Without a viable credit history, lenders won’t be able to judge whether or not you are a credit risk. The traditional means in which a credit score is formed starts by analyzing your credit history. However, lenders are starting to find new data that can help shed light on someone’s creditworthiness if they don’t have a robust credit history. This “alternative data” can be used to help lenders determine how risky you are.

What is considered alternative data?

To form a traditional credit score, data regarding how you have handled credit and debt in the past is taken into consideration. This data is compiled by Equifax, Experian, and TransUnion. From that point, the data is used to create a credit score by companies like FICO and VantageScore according to the article “Credit Challenged? How Alternative Credit Data Can Help Those with Little or No Credit.”

If you haven’t had much experience with credit or debt, then other sorts of data can be dug up, which can include “how reliably you’ve paid rent, utility payments, and rent-to-own agreements.” However, data that is outside of payment transactions is also accumulated.

According to the LexisNexis Risk Solutions, the data that they collect has the ability to predict one’s creditworthiness. With this new data, it can help credit bureaus score approximately 40 million consumers that would have otherwise been too difficult to score. LexisNexis Risk Solutions has paired with FICO and Equifax so to bolster traditional credit bureau data. This new kind of credit score is called the FICO Score XD.

FICO and TransUnion have stated that this new form of data has allowed them to score previous applicants that weren’t score-able. For FICO, it allowed them to score more than half of all previous applicants that they could not score; a third of these applicants were found to have a FICO Score XD of 620 or higher. For TransUnion, it has resulted in the approval of 20 percent more applicants than they could before.

Alternative data is still new

The goal of using alternative data is to open lenders up to a larger customer base. In using alternative data, they can more effectively determine if those with the absence of a credit history, or with a very short history, are indeed creditworthy. However, this new form of data may take some time to fully catch on since many lenders still have not opted into using this it.

Moreover, one of the biggest concerns regarding alternative data is privacy and transparency. There are many people that would feel uncomfortable sharing this sort of information with financial institutions. And once more, a data breach is always a risk that needs to be considered.

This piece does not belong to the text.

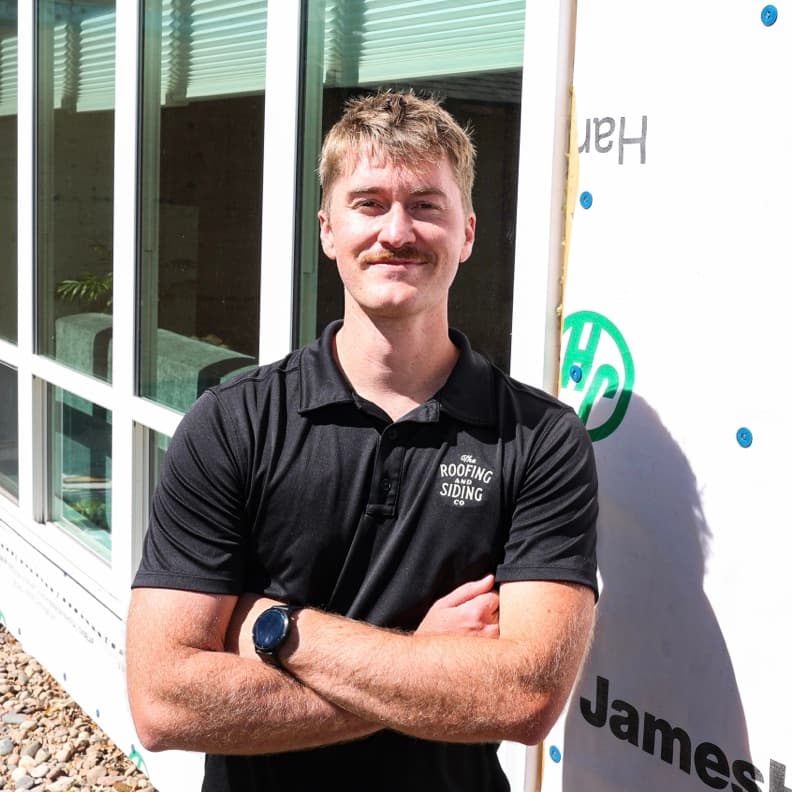 Jack, Owner at The Roofing & Siding Company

Transparency is also a concern next to privacy and security. If people do not know what sort of alternative data is being collected to determine their creditworthiness, then how does one expect to adjust their behavior to make sure they get a good score? It is for these reasons that many consumer advocates are suggesting that individuals should be asked whether they want to opt into such a collection to begin with.

Alternative data can be a useful way to bridge the gap for those with little to no credit history but is clear that there are still many kinks that need to be worked out before this new product truly takes hold in the market.